God's New Bible

The Great Gospel of John
Volume 2

Jesus' Precepts and Deeds through His Three Years of Teaching
Jesus in the Vicinity of Caesara Philippi (Matthew 16)

- Chapter 225 -

The power of hereditary influence.

1
(The Lord:) "But, it will be asked, how can such be passed on?- Oh, quite easily, particularly within the organic soul-structure. Whatever the latter once has accepted, can remain with her for thousands of years, if this is not brought back to order within her by the spirit. Think of the archetype of a society! If I introduce you to its progenitor, then you shall all see that a substantial resemblance has passed over to all his offspring. If the progenitor was good and gentle man and his wife as well, then with few exceptions the nation shall be better and more gentle than a people with a raging, haughty and domineering progenitor.
2
If a primordial progenitors's feeble trait is still discernible in his descendants physically and morally after a couple of thousands years, how much more the character trait of the first man of the Earth in all his descendants, in that his soul in the beginning was much more receptive and hence far more irritable than the later souls, in whom the father's hereditary influence had impregnated them already at procreation in the life-stream seed, and hence could not subsequently in the natural process be wiped away and annihilated.
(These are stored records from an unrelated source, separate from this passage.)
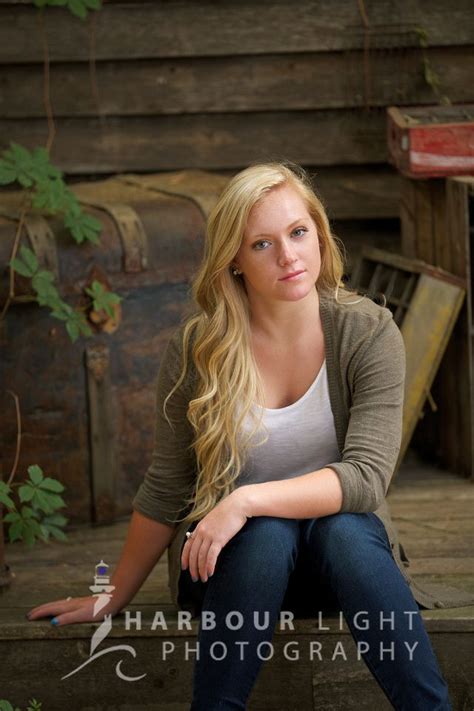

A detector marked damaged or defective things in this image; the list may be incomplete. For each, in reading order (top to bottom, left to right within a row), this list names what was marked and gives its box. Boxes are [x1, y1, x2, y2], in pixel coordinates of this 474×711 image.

rusted metal surface [0, 172, 228, 524]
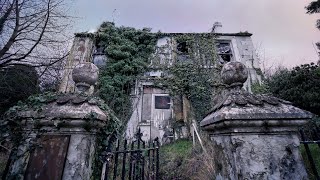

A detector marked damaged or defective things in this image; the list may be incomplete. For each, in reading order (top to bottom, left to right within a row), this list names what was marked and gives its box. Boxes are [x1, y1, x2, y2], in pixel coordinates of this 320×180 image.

rusty iron gate [102, 129, 160, 180]
rusty iron gate [300, 126, 320, 180]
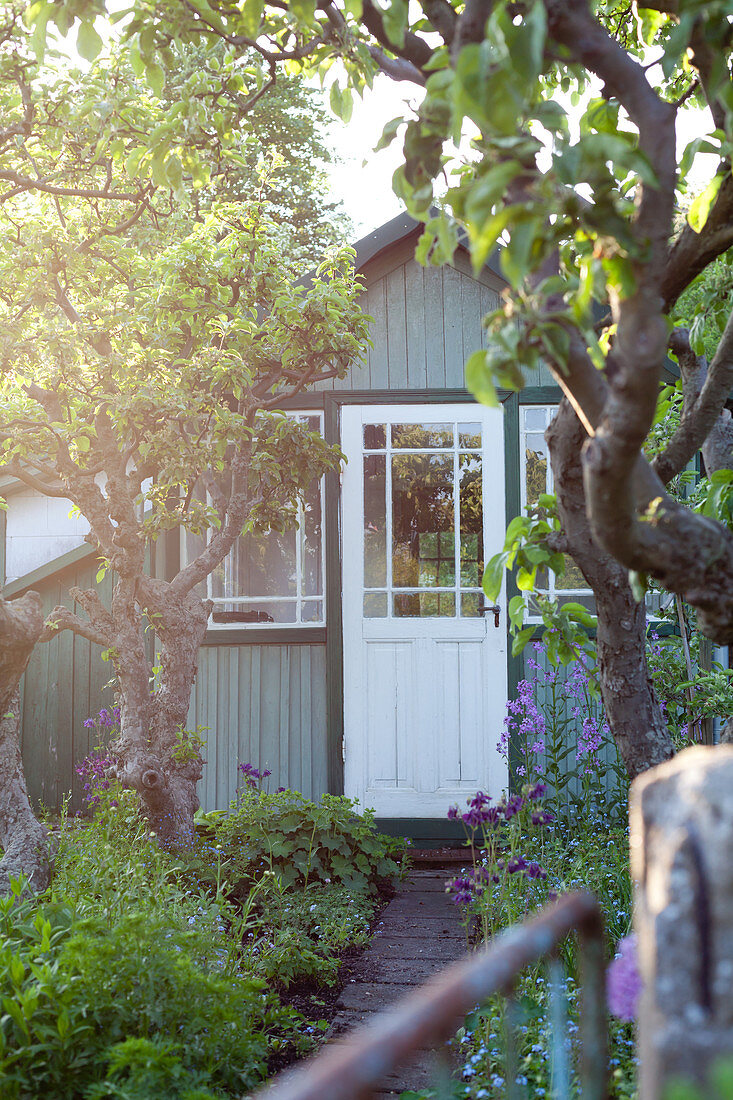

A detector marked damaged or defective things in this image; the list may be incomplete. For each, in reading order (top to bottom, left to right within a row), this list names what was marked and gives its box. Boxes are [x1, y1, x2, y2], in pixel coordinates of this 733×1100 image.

rusty metal railing [255, 893, 603, 1100]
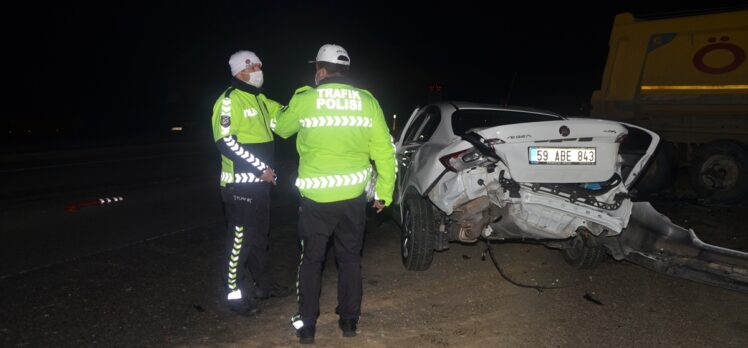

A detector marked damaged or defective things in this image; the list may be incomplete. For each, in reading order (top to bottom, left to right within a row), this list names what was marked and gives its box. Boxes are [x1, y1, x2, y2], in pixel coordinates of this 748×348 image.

damaged silver car [394, 101, 748, 290]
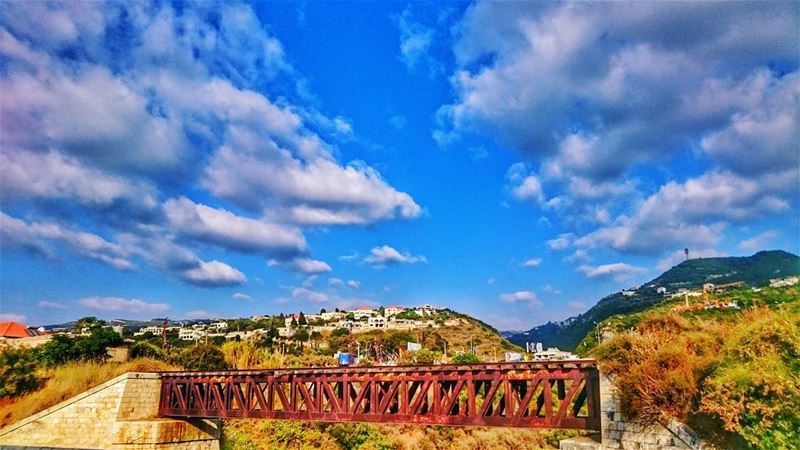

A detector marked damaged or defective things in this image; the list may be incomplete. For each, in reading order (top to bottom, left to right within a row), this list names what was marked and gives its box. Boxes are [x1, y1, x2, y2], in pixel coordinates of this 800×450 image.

rusty metal beam [158, 360, 600, 430]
Unfortunately, such scar greatly disfigures such soul, and God has in all times done everything to make it possible for such soul to rid itself of such scar for all times; however, until now not much success could be achieved, and I came to this earth Myself in order to extirpate such old and ugly scar.
3
And I shall do so indeed; but this shall be accomplished through the many wounds inflicted upon My flesh. But at this stage you cannot grasp this; but you shall be able to grasp it when it has come to pass, and the holy spirit of all truth shall then lead out into all wisdom about it.
4
But you have read in the book of Moses, where he speaks of Jehovah's curse over th earth, where it says: 'In the sweat of thy brow shalt thou eat bread.' And soon after curse of the earth, it says: 'Thorns and thistles shall it bring forth to thee.'
5
Behold, if you were to take this materially, i.e. if this earnestly were to be so physically, then you would be fully entitled to reproach God for a complete lack of wisdom! But since such a statement can be taken only psychologically and actually spiritually, such reproach falls by the wayside, and man can blame only himself if something in his nature deteriorates, just as he can blame only himself if on some land the harvest is sometimes worse than normal, because not everything about the weather depend upon God's will but also upon man.
6
Once a soul is fully conscious and achieves sufficient sensibility to well recognize God's order then, for it has to become active, in accordance of course with the recognized divine order within her. If in some aspect she does not do so or omits it, or even does the contrary, then she obviously is bound to cause herself irreparable harm, from which she shall not be able to free herself on her own accord, since all her action is more or less disorderly, with further consequent soul-restrictions in time, such as all kinds of blindness, foolishness, incomprehension, feeble perception, fear, lack of courage, sadness, frustration, annoyance, rage, anger and ultimately despair itself.
7
And behold, these are the "thorns and thirstless" which the soil within the soul, i.e. the depleted intelligence-attributes shall cause to grow within her, akin to the parasitic growths upon otherwise healthy tree-branches!
8
'God's curse' however is nothing other than the soul's realization of her own self-destruction in light of God's perceived order, having to as a consequence of her own blame eat bread 'by the sweat of her brow'.
9
And the sweat of her brow is the aforementioned 'world-trouble' scar that she herself incurred through eating of the Mosaic apple, which she could have easily avoided.